In the autumn of 1957 G-AOUJ underwent trials aboard the frigate HMS Grenville to determine the practicability or otherwise of operating small reconnaissance helicopters from platforms at sea. More than 70 landings and take-offs were made in winds of up to 62 knots, with the deck sometimes pitching through 3.05-3.66m and rolling up to 14 degrees each way. During 1958 both G-AOUJ and G-APJJ were being evaluated by the Royal Navy. The second, F.9428, was registered G-APJJ and flown initially in 1958; this had a cabin similar to that of G-AOUJ and was used for trials by the Royal Navy, operating from the deck of a destroyer, HMS Undaunted, before going to the Royal Aircraft Establishment, Bedford, and later to the College of Aeronautics at Cranfield.
In 1957 the Piasecki Aircraft Corporation of Philadelphia, USA, had obtained an option to build and the US Army was evaluating it for uses similar to those originally envisaged by the British authorities. Nothing, however, was to follow from these developments.
Typical of the continuous effort being put into Ultra-light demonstrations was the use, early in October 1958, of the stretcher-carrying G-AOUJ, flown by Peter Twiss, in a nuclear-war casualty exercise by the RAMC near Aldershot; the Rotodyne also took part in this exercise. Interest in the Ultra-light had been shown in Canada, and G-AOUJ, with its bulged nose to take a stretcher, and with special navigation and heating/ventilating equipment, was shipped out there later in 1958 for cold-weather trials and demonstrations by Lt-Cdr J. G. P. Morton. In the spring of that year a new draft specification was being drawn up for a version suitable for operation from small ships on anti-submarine duties both in attack (with a homing weapon) and communication roles. This proposal was based on a draft naval staff requirement and was a variation of the aircraft described in a brochure of April 1957 in which a naval strike version had been offered. The three civil-registered Ultra-lights were necessarily designed to meet airworthiness requirements and G-AOUJ and G-APJJ were duly certificated in the autumn of 1958. Work on the project was finally abandoned in 1959.
G-AOUJ has returned to the Helicopter Museum and restoration continued at Weston super Mare, but various parts, and drawings, are missing. A particular problem now is the swash-plate mechanism, of which there are no details.
Engine: 1 x Turbomeca Palouste turboshaft, 185kW
Main rotor diameter: 8.61m
Fuselage length: 4.57m
Max take-off weight: 817kg
Empty weight: 290kg
Max speed: 153km/h
Hovering ceiling, IGE: 3109m
Range: 300km
Fairey Rotodyne
With the concept of the convertible helicopter proved on a small scale with the Jet Gyrodyne, the proposal put forward by Dr. J.A.J. Bennett and Captain A.G. Forsyth in 1947 for a large compound helicopter looked viable, and various designs were considered.

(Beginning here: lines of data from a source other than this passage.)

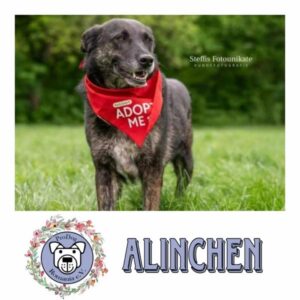 ALINCHEN (♀) in 99427 Weimar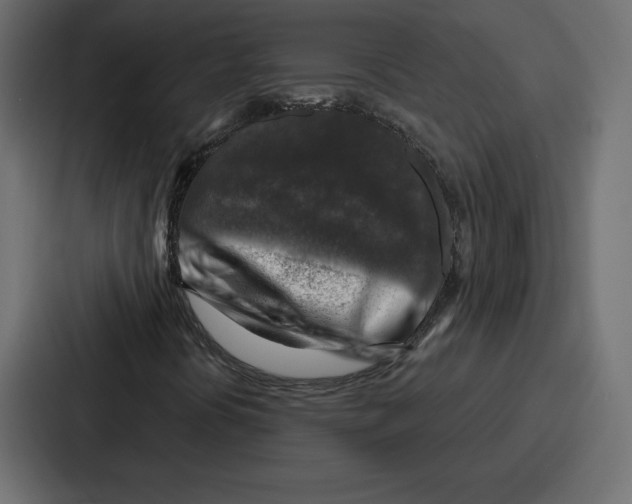 X0000086801394200705111826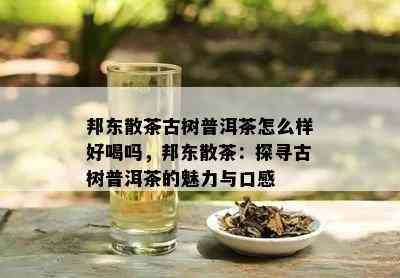 邦东散茶古树普洱茶怎么样好喝吗，邦东散茶：探寻古树普洱茶的魅力与口感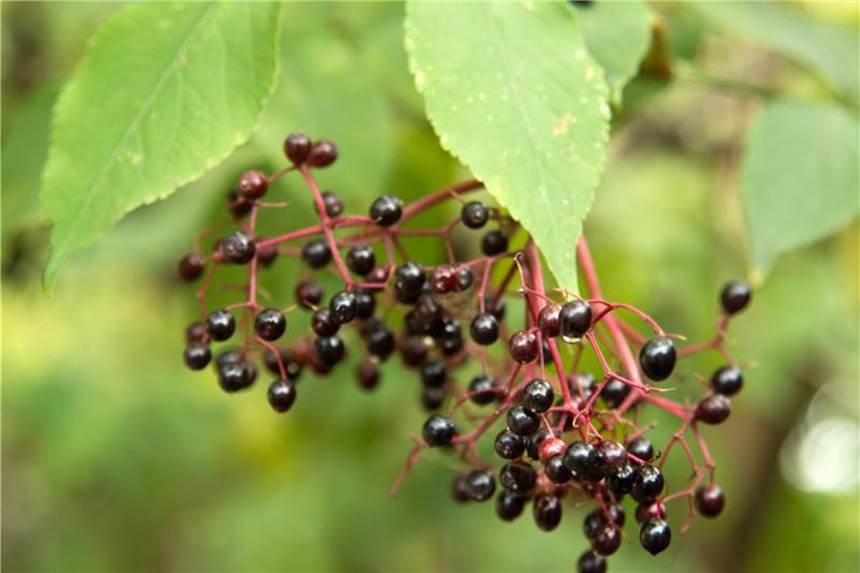 Rohe Holunderbeeren sind giftig Roh gegessen können Holunderbeeren Durchfall und Erbrechen auslösen. Foto: Andrea Warnecke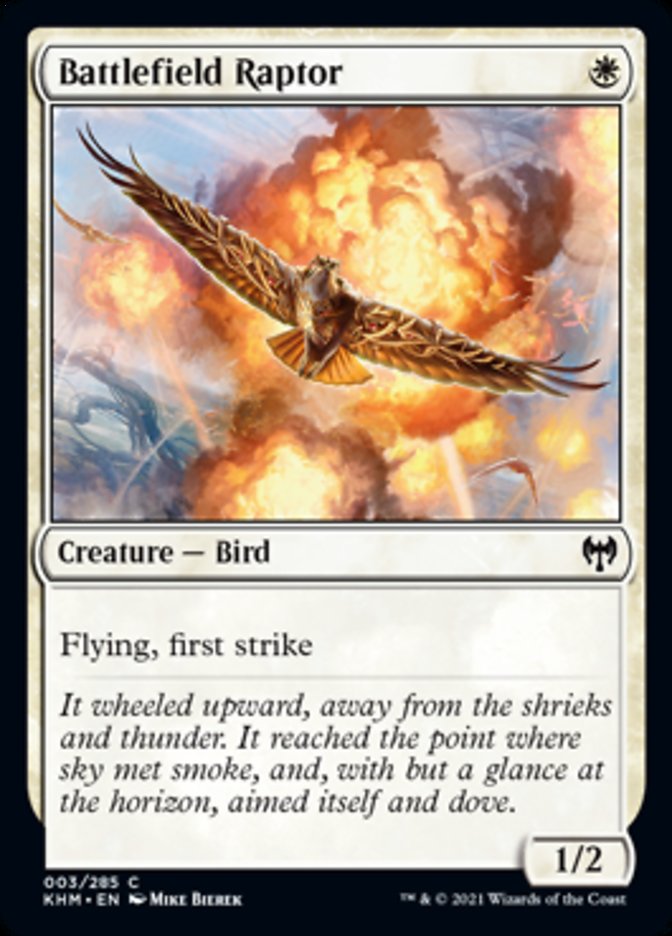 Battlefield Raptor [Kaldheim] | Webway Games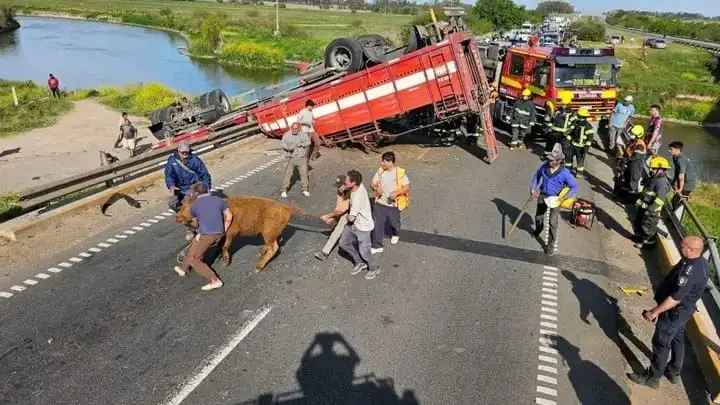 camionero vuelco pergamino - 1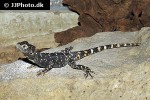 stellagama stellio picea painted clown dragon stellagama stellio picea painted clown dragon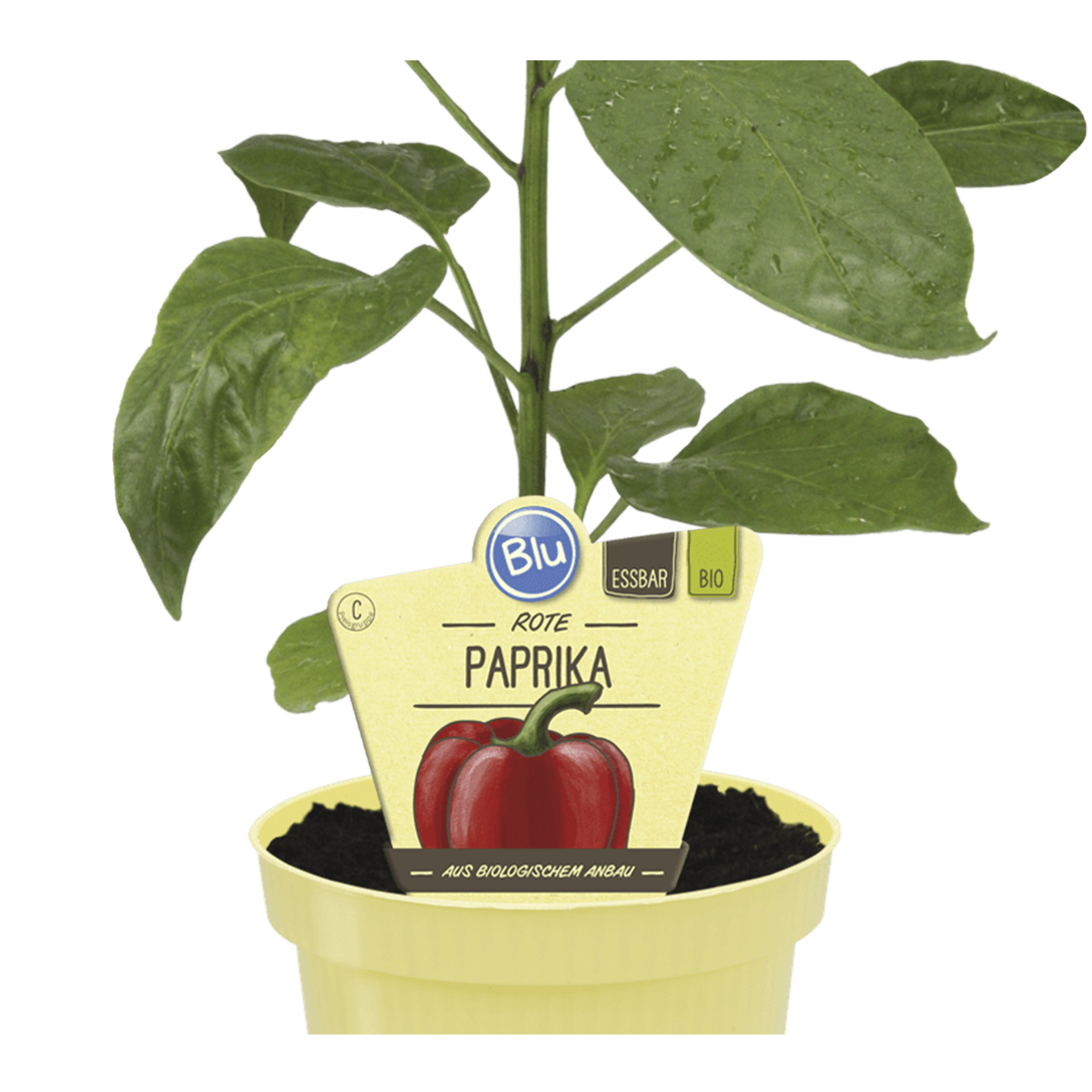 Rote BIO Paprika Rote BIO Paprika im Pflanztopf mit Pflanzenstecker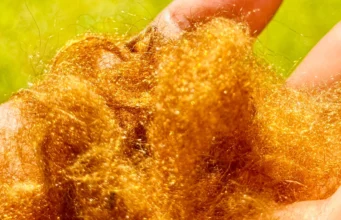 Kain emas legendaris yang hilang selama 2.000 tahun telah kembali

The first mention of the project and of the name Rotodyne was made in March 1951 by the Ministry of Civil Aviation’s Interdepartmental Helicopter Committee in its initial report. No details were given, but it was reported to have two propeller-turbines and tip-jets, to have a cruising speed of 217km/h and capacity for 23 passengers. This was probably the Mamba-engined project.
Confirmation of the need for such an aircraft was provided by the British European Airways specification of December 1951 for a short/medium-haul ‘BEAline Bus’. Five manufacturers submitted projects to meet this earlier specification for a 30/40-passenger aircraft. Fairey’s original proposal again incorporated the projected D.H. powerplants. These were in two underwing nacelles, in each of which was located a main gas-turbine driving an auxiliary compressor and, mounted in tandem, a second turbine driving a constant-speed propeller through a reduction gear. Air for this turbine was tapped from the auxiliary compressor of the main engine. The rotor was four-bladed, with pressure-jet units at the tips.
The Gyrodyne had rear clam-shell doors allowing the loading of large motor vehicles. A forward-located door permitted simultaneous entry and exit of passengers. The passenger compartment was 14m long, 2.4m wide, and 1.8m in height. The tail lower tail surfaces were oriented straight down, while the upper surfaces were canted at about a 45 degree angle.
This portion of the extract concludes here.